Playing devil's advocate here, but the argument goes both ways.

The flip side: If the team could make the playoffs with their best players injured, wouldn't the fluke year be the one in which they missed the playoffs when everyone was healthy?



I'm just saying. If the argument can work both ways, it's not a terribly convincing one.
 

Push540

Registered User
Oct 11, 2011
774
0
yes...we made the playoffs with our best players injured...if MacLean was a good coach why couldn't we make the playoffs with our best players in the lineup?

So when players slump, it's always the coach's fault? When a team just allows tons of shots and plays poor defense, it's 100% the coach's fault? Why are hundreds of million a year spent on players if the coaches win and lose all games? Oh wait, players win and lose the games. Poor passes, not being able to score, taking penalties like they're going out of style. When the players don't play, you can't win anything.
 

SenatorArmy*

Guest
Playing devil's advocate here, but the argument goes both ways.

The flip side: If the team could make the playoffs with their best players injured, wouldn't the fluke year be the one in which they missed the playoffs when everyone was healthy?

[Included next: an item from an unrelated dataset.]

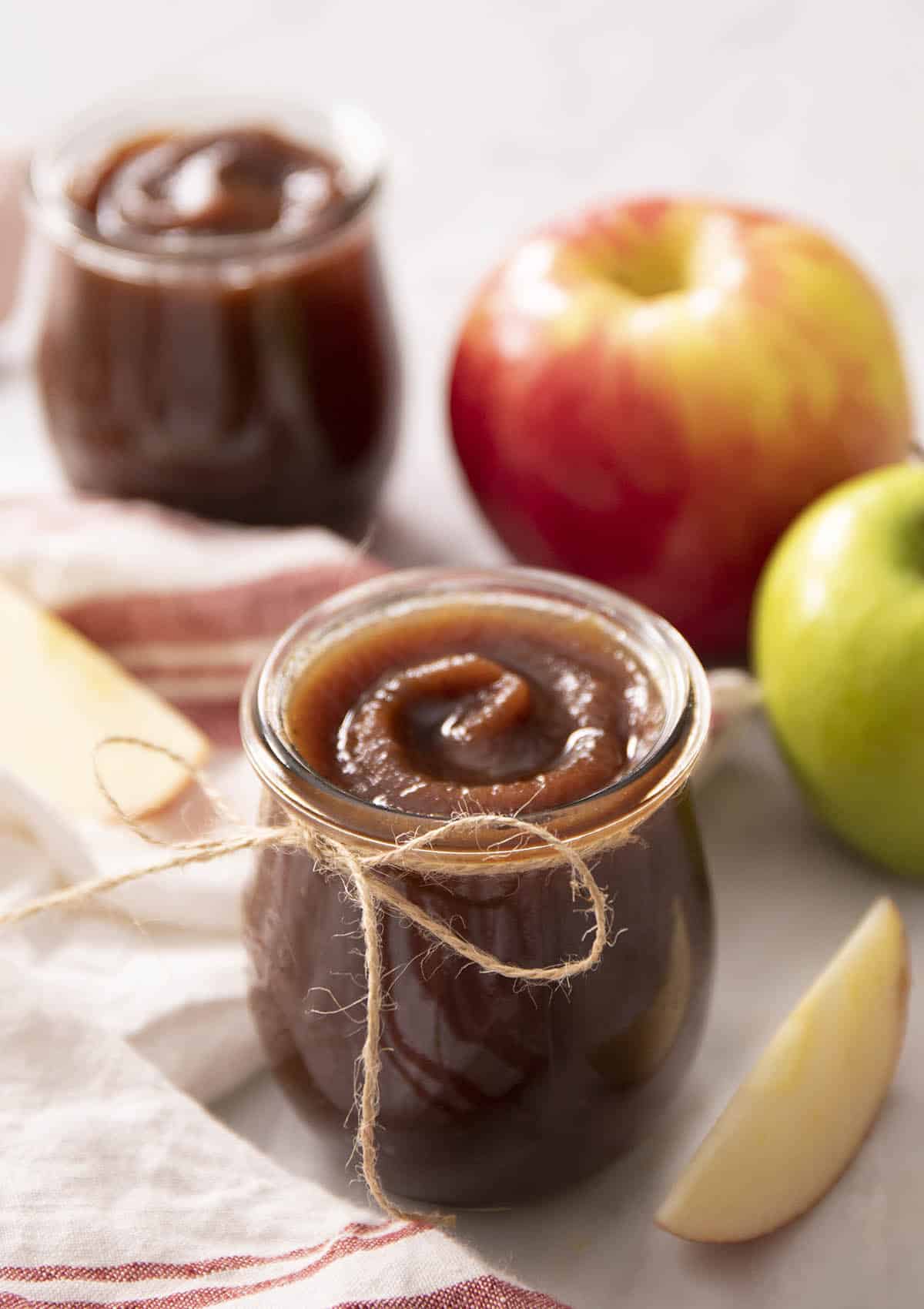 A glass jar with apple butter next to some apples.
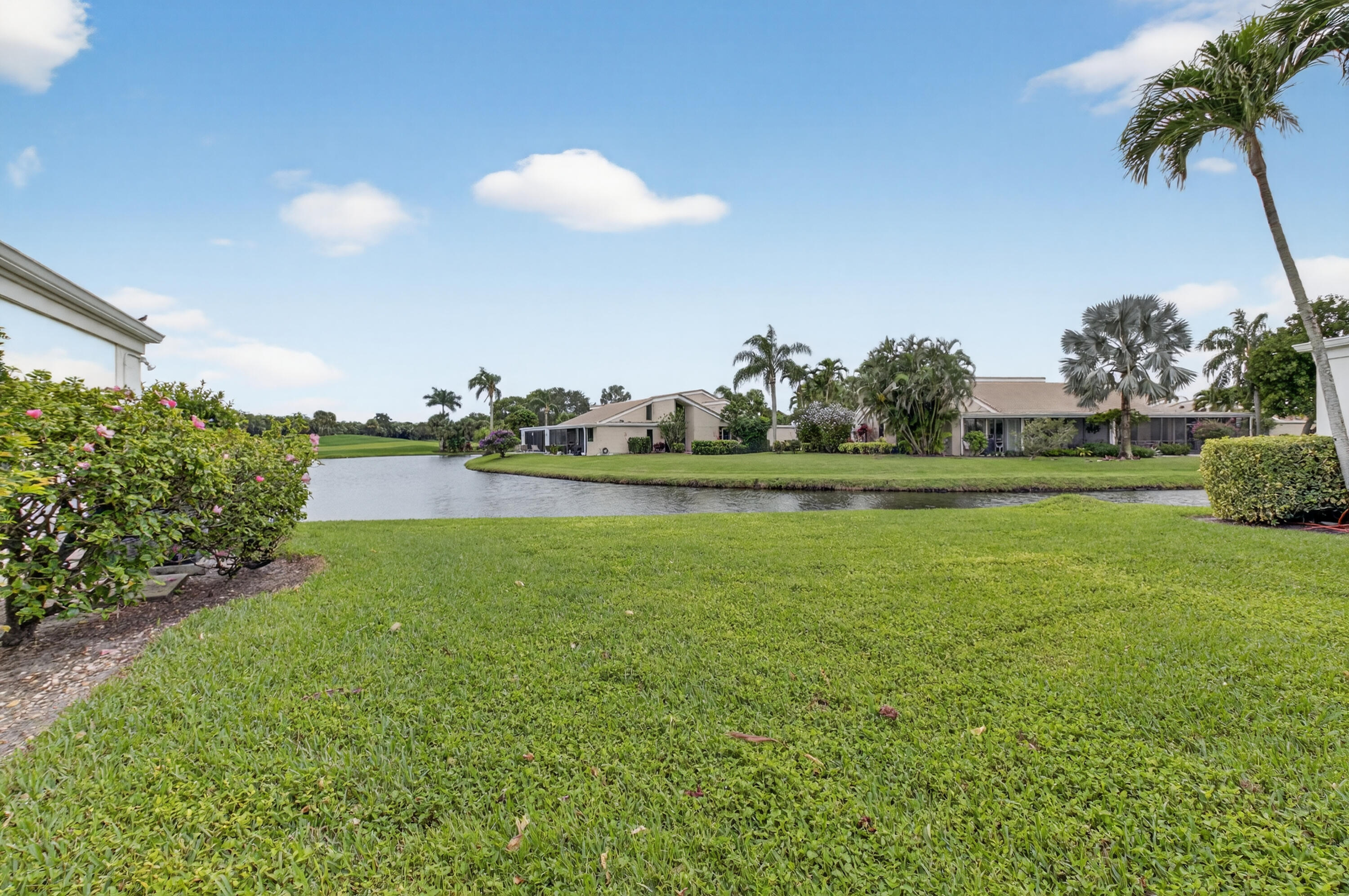 19620 Sawgrass Circle, Unit 2802 Boca Raton, FL 33434 - Photo 30 of 79 a view of a golf course with a lake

I'm just saying. If the argument can work both ways, it's not a terribly convincing one.

That's what I'm saying though. If we can make the playoffs with all those injuries & we're giving the coach credit, then why can't he perform that same sort of magic with a healthy lineup?

Otherwise I agree with you, Paul MacLean is a great coach, as long as your best players are injured.
 

SenatorArmy*

Guest
I honestly don't think we would have made the playoffs if it wasn't a lockout year

agreed...you coudl feel it kind of slipping away at the end of the year...in fact I remember some concern that we were going to fall out & it really came down to the wire..
 

Push540

Registered User
Oct 11, 2011
774
0
agreed...you coudl feel it kind of slipping away at the end of the year...in fact I remember some concern that we were going to fall out & it really came down to the wire..

"feel" it slipping away? Who felt that? A poor team made the playoffs. It was always going to come down to the wire.
 

SenatorArmy*

Guest
"feel" it slipping away? Who felt that? A poor team made the playoffs. It was always going to come down to the wire.

I'm just saying we lost more towards the end of the season than we won before that...
 

Push540

Registered User
Oct 11, 2011
774
0
I'm just saying we lost more towards the end of the season than we won before that...

Welcome to sports. Good teams don't win all of the time and poor teams don't lose all of the time. Wins and losses come in waves.